In our example, we will recreate the default policy routes and add a /32 one with a deny rule, matching the Azure hosted resource azure-vm:

  • 10.0.0.0/8: Send to source with HCX: allow
  • 172.16.0.0/12: Send to source with HCX: allow
  • 192.168.0.0/16: Send to source with HCX: allow
  • 10.100.2.36/32: Send to source with HCX: deny

In this new setup, network path to the Azure hosted resource azure-vm is now optimized in both directions:

Network path when there is a very specific policy routes

  • To reach on premises resources in a private RFC1918 ranges (like in 10.0.0.0/8), the on-prem gw device is used (↔ purple).
  • To reach a cloud based specific resource (10.100.2.36/32), the cloud side gateway is used (↔ orange).

Note: I removed the internet connectivity to simplify the diagram but there is no change in the network path to reach Internet.

Use policy routes for internet connectivity

In the previous section, we saw that we can use policy routes to optimize the network path to reach a specific resource. We can also use policy routes to optimize or guide the network path to reach Internet (or 0.0.0.0/0).

Internet egress with default policy routes

Let's have a look at the network path to reach Internet with the default policy routes (router-location is set to cloud side gateway):

Network path to reach Internet with default policy routes and router-location set to cloud side gateway

As Internet (0.0.0.0/0) is not part of the RFC1918 address spaces configured to use the On-Prem gateway (with the default policy routes), the migrated VM is using the T1 gateway and the Azure egress connectivity of the segment to reach Internet (↔ pink).

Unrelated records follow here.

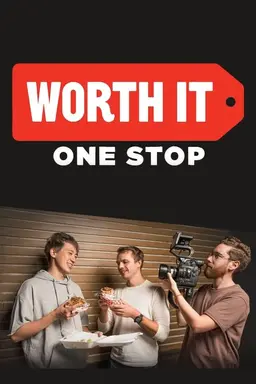 Worth It: One Stop Season 1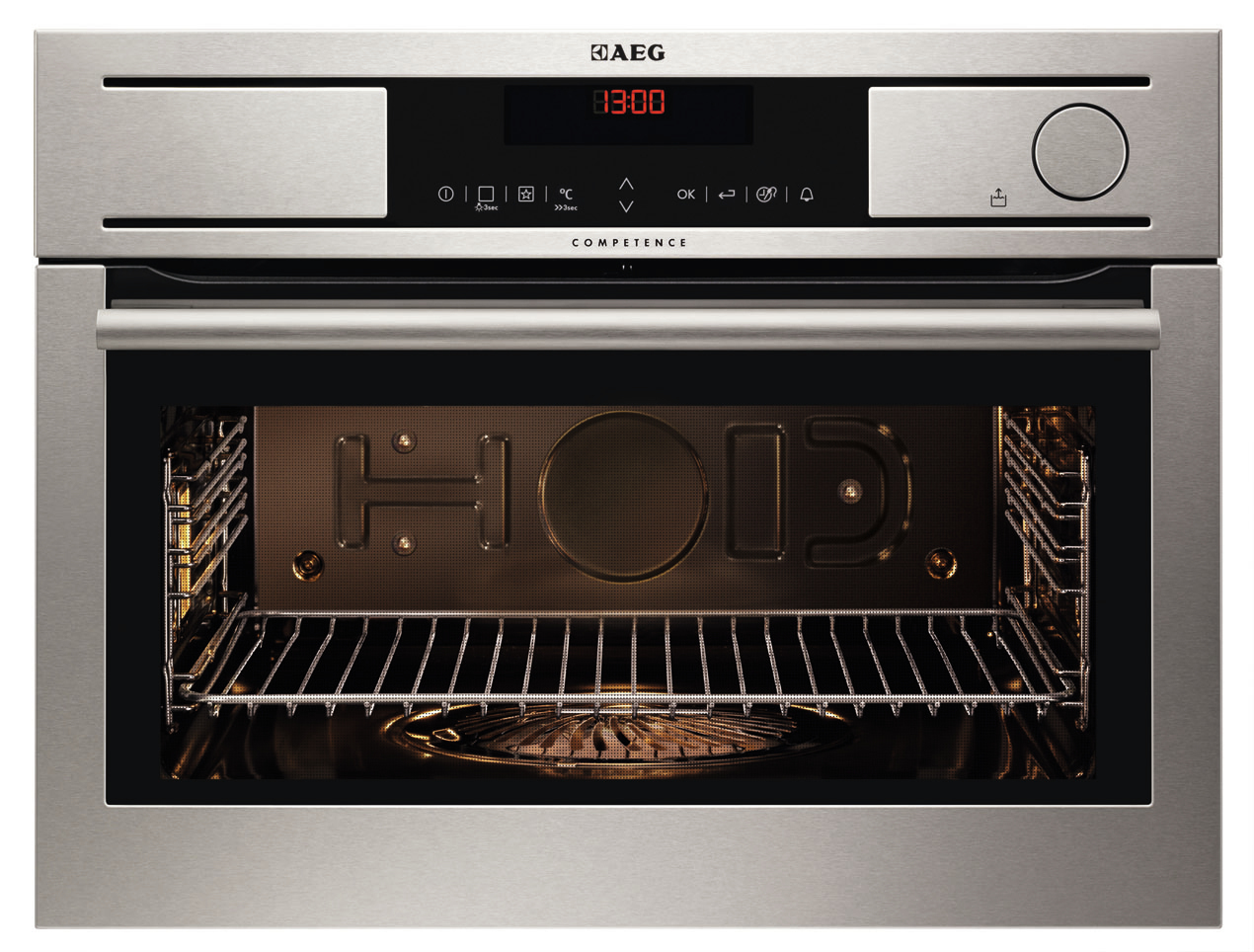 AEG KS8400501M — vue 1 sur 4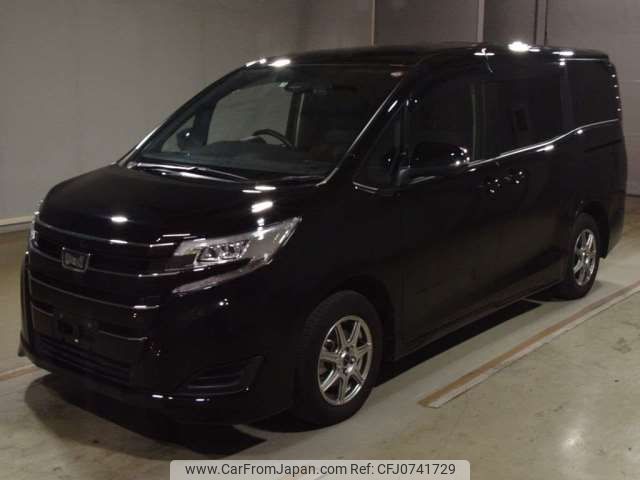 toyota noah 2021 -TOYOTA--Noah 3BA-ZRR80G--ZRR80-0703914---TOYOTA--Noah 3BA-ZRR80G--ZRR80-0703914- image 1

Note: The azure egress path to reach Internet may vary depending on the configuration of the Azure VMware Solution SDDC. In this example, the Azure egress is configured to the default Microsoft Managed SNAT. You can find some details about the Internet connectivity for AVS, in the following post: Azure VMware Solution – Use public IP on NSX-T Edge.

Internet egress with a specific policy route

Let's add a specific policy route to reach Internet through the on-premises gw device (router-location is still set to cloud side gateway):

  • 0.0.0.0/0: Send to source with HCX: allow

Network path to reach Internet with a specific policy route and router-location set to cloud side gateway

With this new policy route, the migrated VM is now using the on-premises gw device to reach Internet (↔ pink). You can then apply some firewall rules on the on-premises gw device to control the Internet access of the migrated VM.

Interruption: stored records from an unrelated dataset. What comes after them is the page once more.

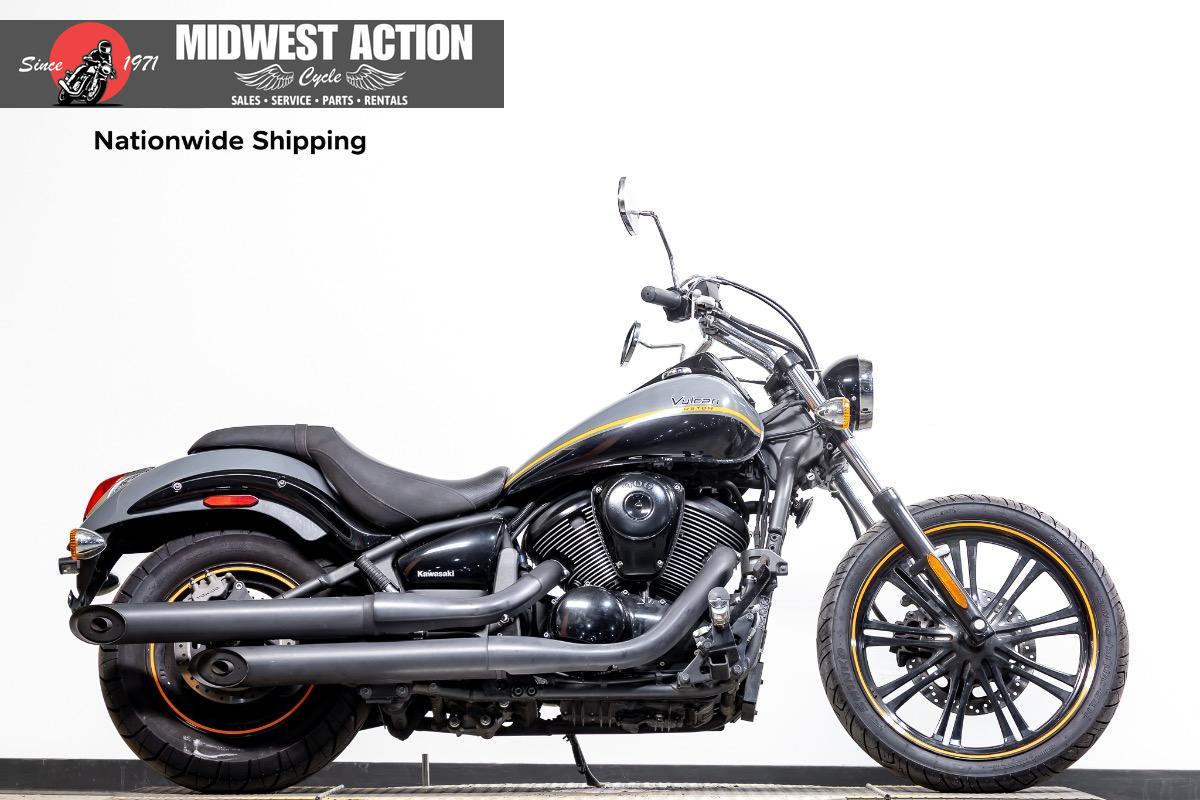 motorcycle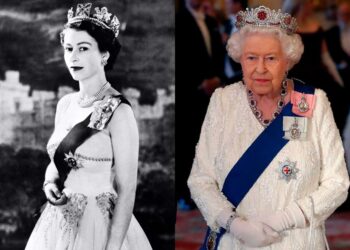 Las fechas claves de la vida de la reina Isabel II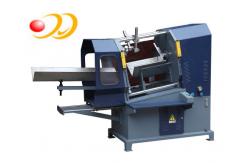 China High Efficiency 4KW Label Punching Machine For Envelope Plastic Stickers supplier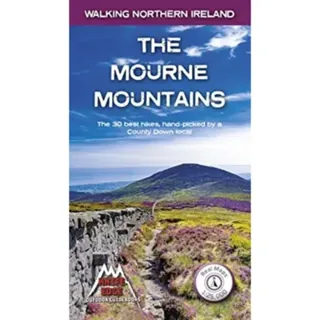 The Mourne Mountains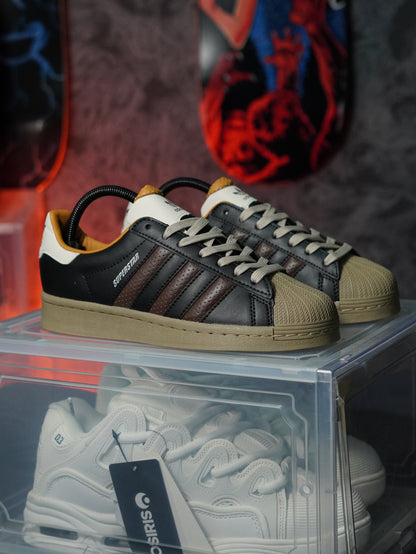 Adidas Superstar II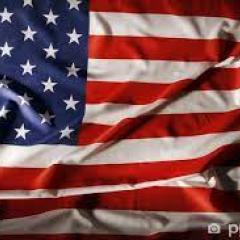 American flag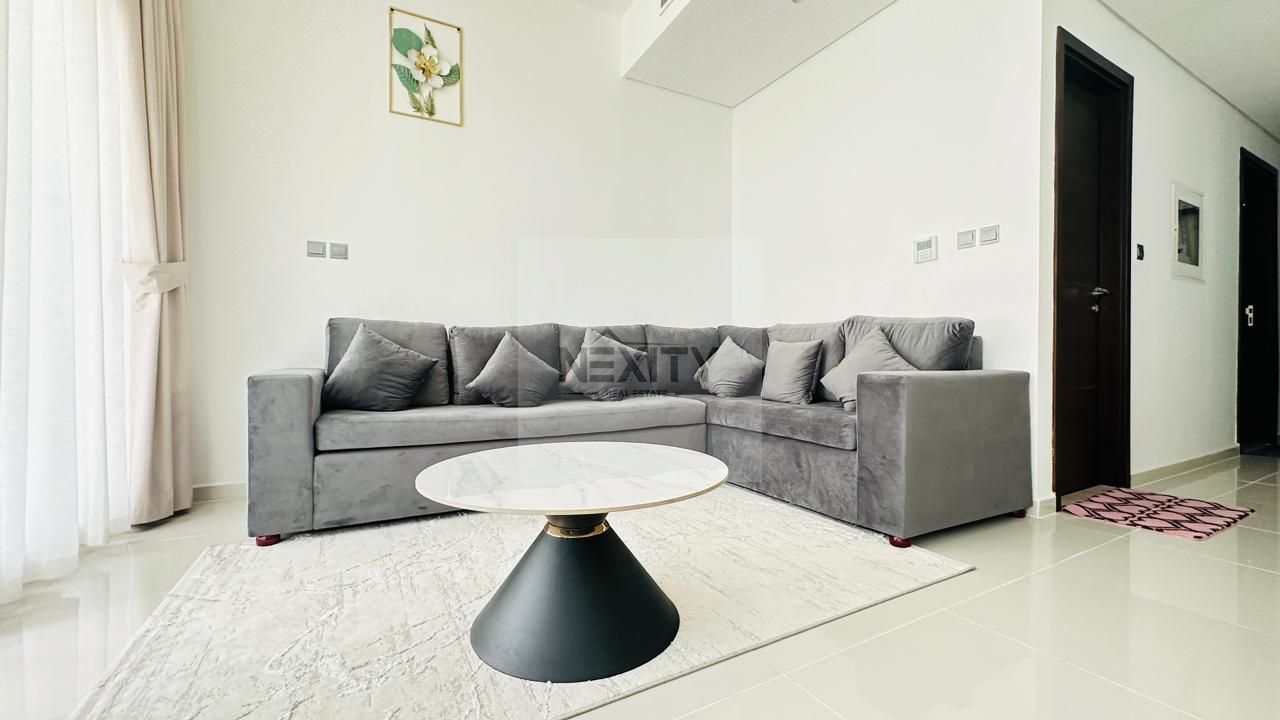 BESPOKE FURNISHED | 4BR | SPACIOUS LAYOUT | VACANT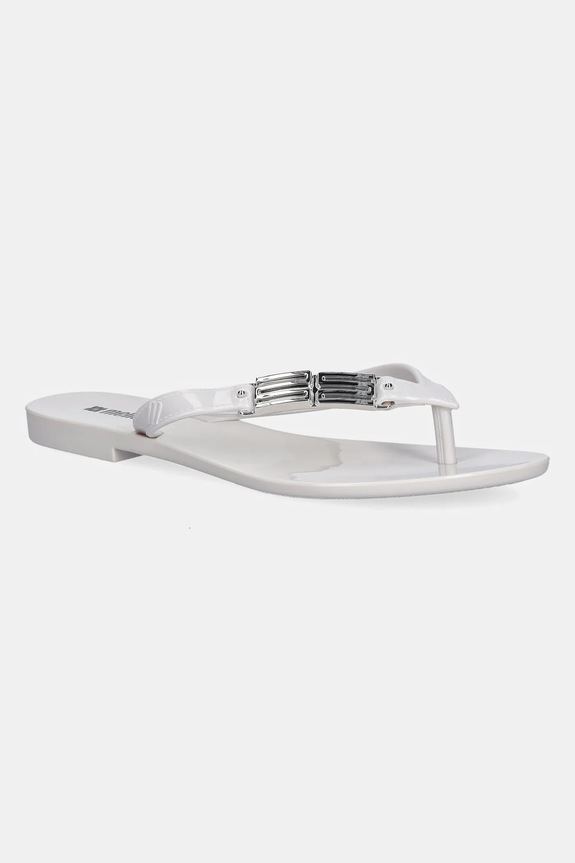 Melissa slapi MELISSA HARMONIC M CHIC AD sintetic alb M.35906.BB093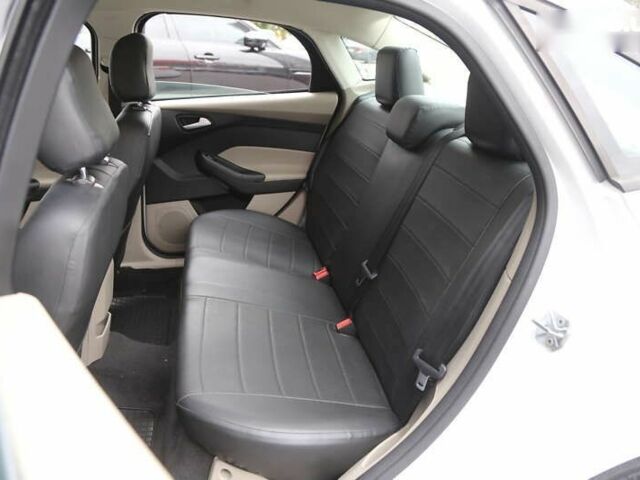 Форд Фокус, об'ємом двигуна 2 л та пробігом 104 тис. км за 9000 $, фото 9 на Automoto.ua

Without additional policy routes, all the network flows will also use this on-premises gw device: it could be counter-productive to enable MON in this case without adding additional policy routes to optimize the network path to reach other resources.

An art-of-balance

Disclaimer

Do not reproduce the previous examples on a production environment.

Previous examples are provided to illustrate the behavior of MON enabled resources and network flows based on settings changes. You will probably need to consider carefully how-to apply global and/or specific flows policies based on your deployment to avoid any issue and to maintain the expected level of security on the network flow path.

For example, once a flow is using the NSX-T Tier1, it is not secured anymore by the on-premises firewall and may require to have some firewall rules setup on NSX-T level.

Also, MON is coming with some limitations to consider and may not be suitable for all the use cases. A good review of existing documentation is mandatory before proceeding in MON enablement. A good starting-point for AVS resources is the following documentation page: VMware HCX Mobility Optimized Networking (MON) guidance.

Finally, I will strongly suggest to consider network-extension cutover operation as a critical step of your migration project and to plan it carefully. Mobility Optimized Networking feature is a great helper to optimize the network flow path, avoid or limit network tromboning scenario but should be considered as a tool to help you to achieve your migration goal and not as a magic feature that will solve all your network issues or provide a way to skip network extension cutovers operations. For long term network extensions, changing the default gateway of the migrated VM to the cloud side gateway may be a good option to optimize network flows.